■ TASK TO COMPLETE: Every line from the one with "Guzik 18,22,25mm/100szt 5006" through the end of the entries below should be written out exactly; the pictures should not.

[Data excerpts]

::::

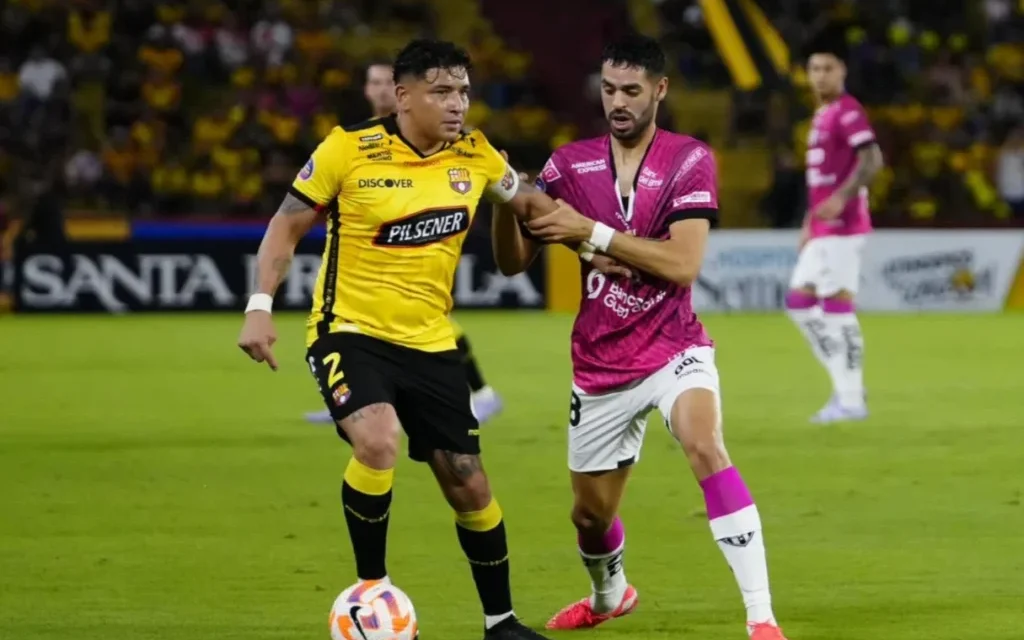 La previa de un duelo por la supervivencia entre IDV y Barcelona SC en Copa Libertadores
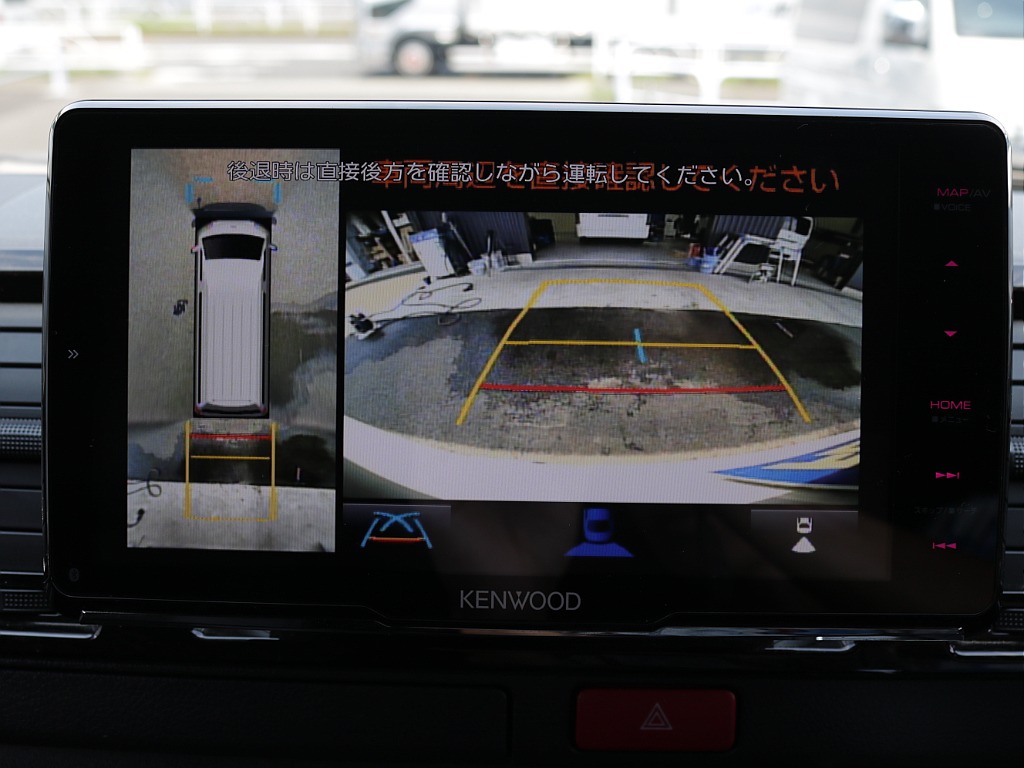 令和２年式ダークプライムⅡ２８００ディーゼル４WDカスタム車両入庫！新品オリジナル１６インチアルミ！ＴＲＤパーツ多数装備済み！！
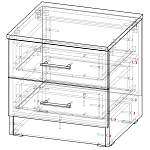 Тумба прикроватная Ронда BMS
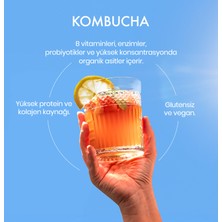 Fermente Mutfağım 5'li Organik Kombucha Çayı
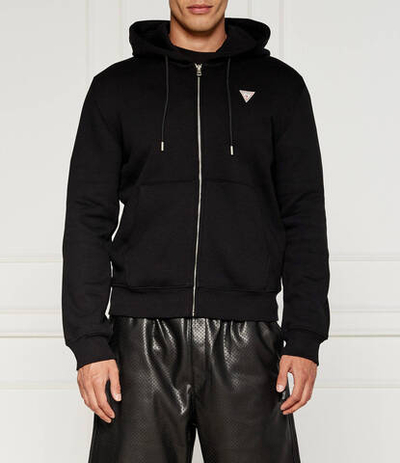 Худи Guess Jeans - черный(M4YQ28 K9V31)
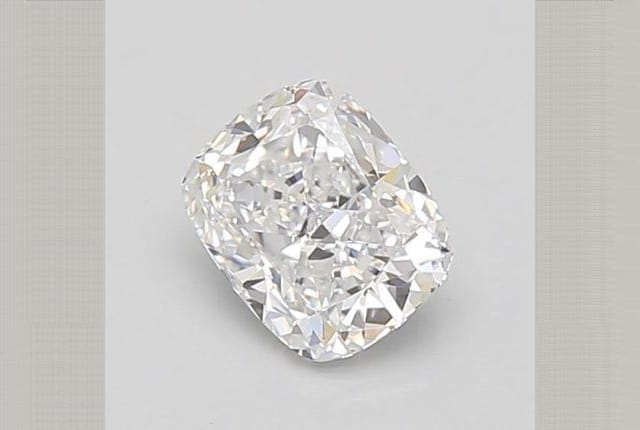 0.56 Carat Cushion Lab Diamond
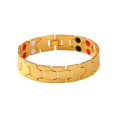 thumbnail image 1 of Pulsera de hombre con imán hexagonal esférico, pulsera ancha cuatro en uno, 1 of 6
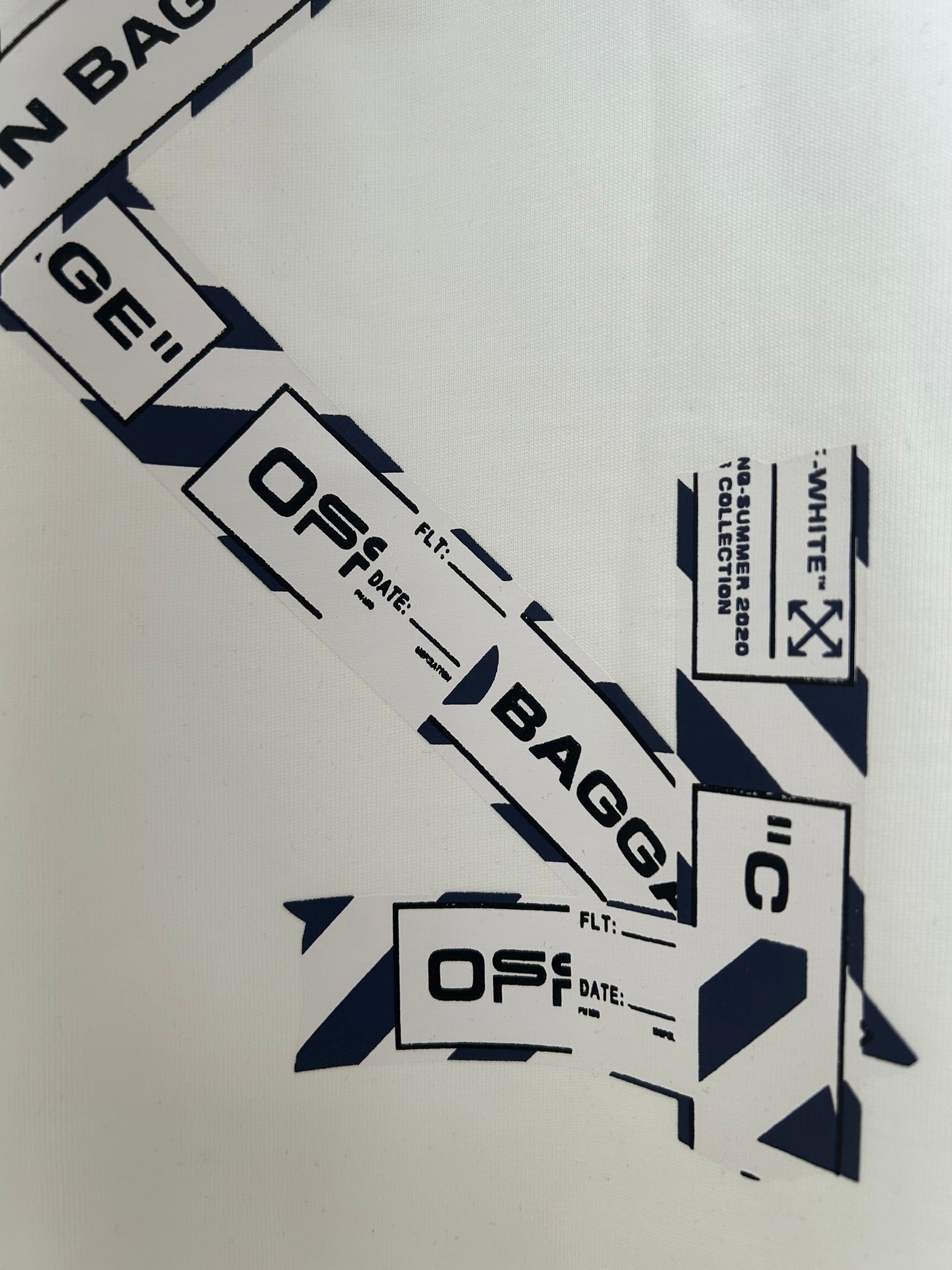 LuxluxHouse Best Quality Clothes Off White T-shirt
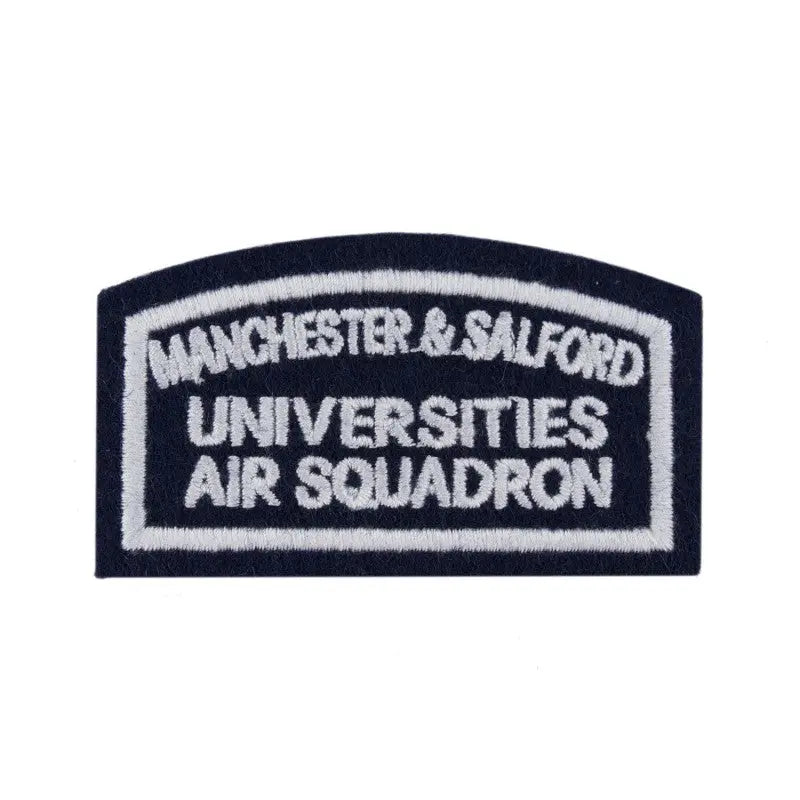 Manchester & Salford University Air Squadron Organisation Insignia Royal Air Force Badge wyedean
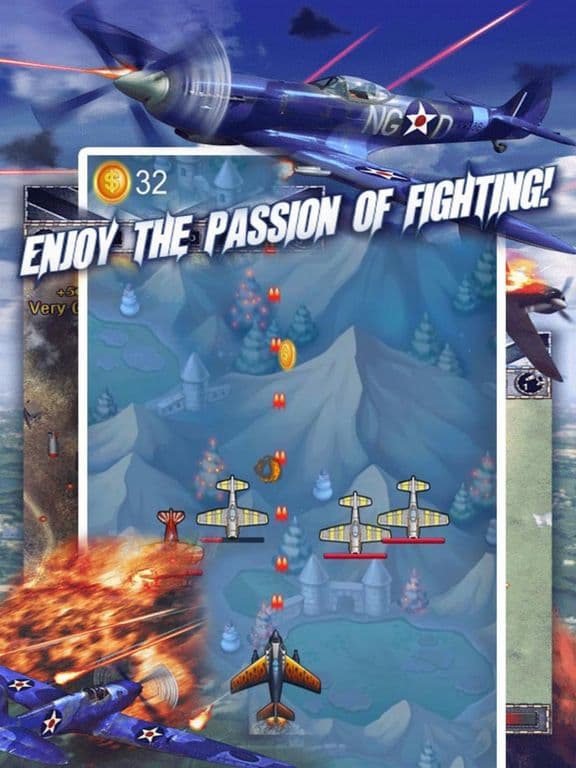 King Thunder Fighting Jet screenshot 2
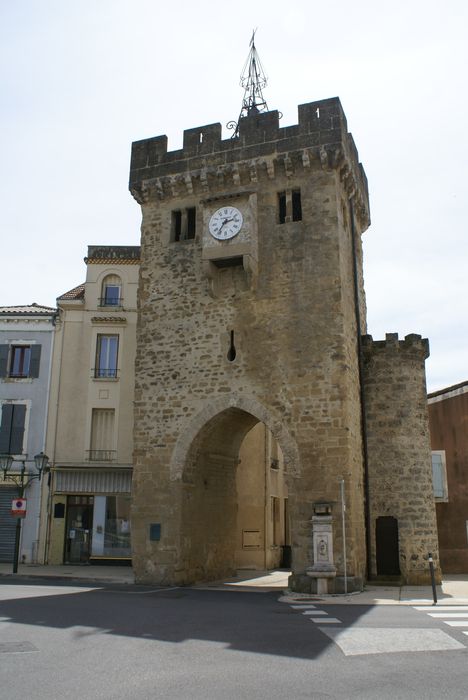 élévation nord, vue générale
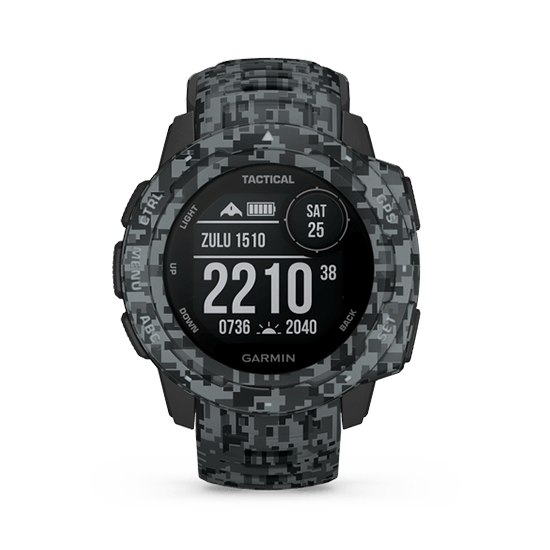 010-02064-C2 GARMIN ガーミン インスティンクト タクティカル カモ グラファイト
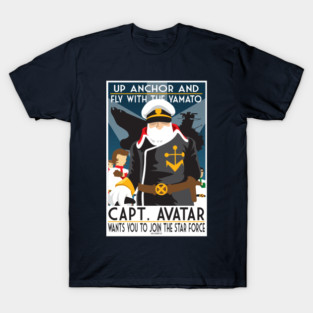 Join The Star Blazers T-Shirt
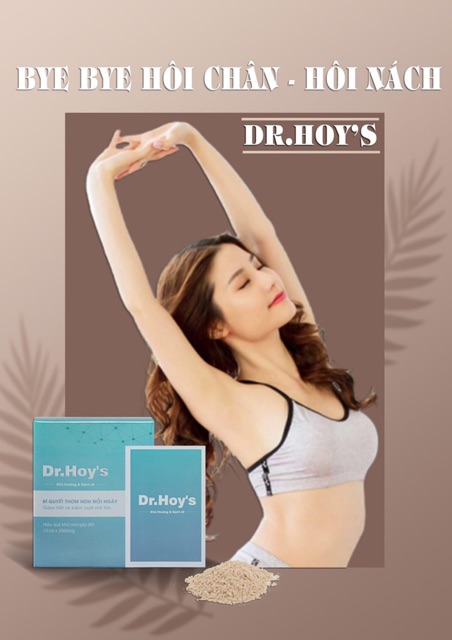 Dr.Hoy’s Bột Khử Mùi Hôi Nách Hôi Chân An Toàn Hiệu Quả | BigBuy360 - bigbuy360.vn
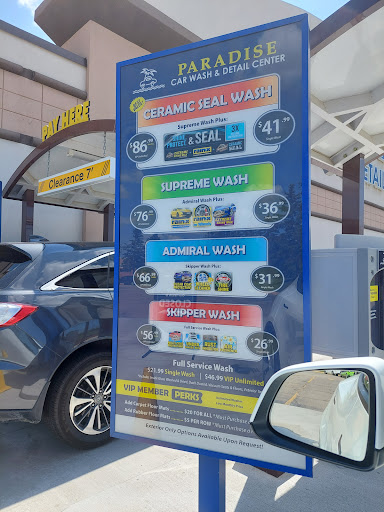 Car Wash «Paradise Full Service Car Wash & Detail Center», reviews and photos, 1355 Town Centre Dr, Eagan, MN 55123, USA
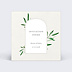 Cartes invitation mariage Arche et Oliviers
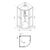 Душевая кабина Niagara Light L90/17 90х90х215_, изображение 6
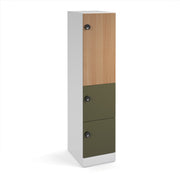 Flux 1700mm high lockers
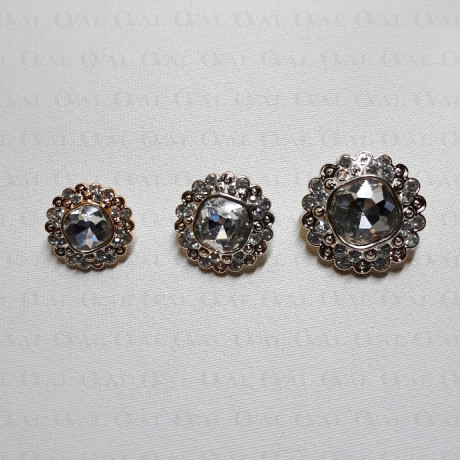 Guzik 18,22,25mm/100szt 5006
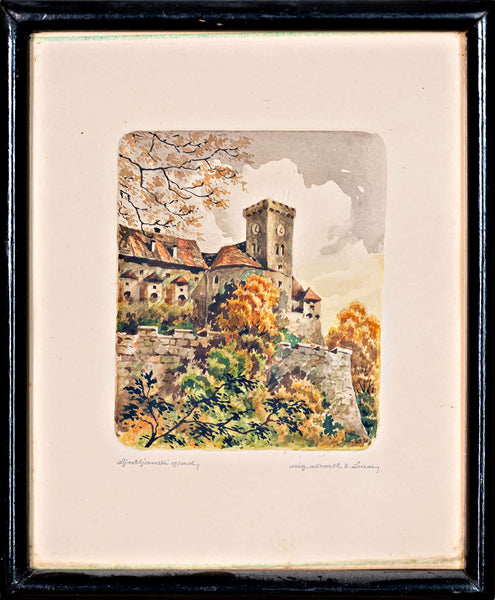 Ludwik Schara - Ljubljana Castle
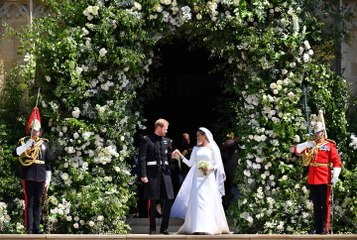 Royalty meets showbiz as Harry and Meghan wed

::::

■ ANSWER TO THE EXERCISE:
 Guzik 18,22,25mm/100szt 5006
 Ludwik Schara - Ljubljana Castle
 Royalty meets showbiz as Harry and Meghan wed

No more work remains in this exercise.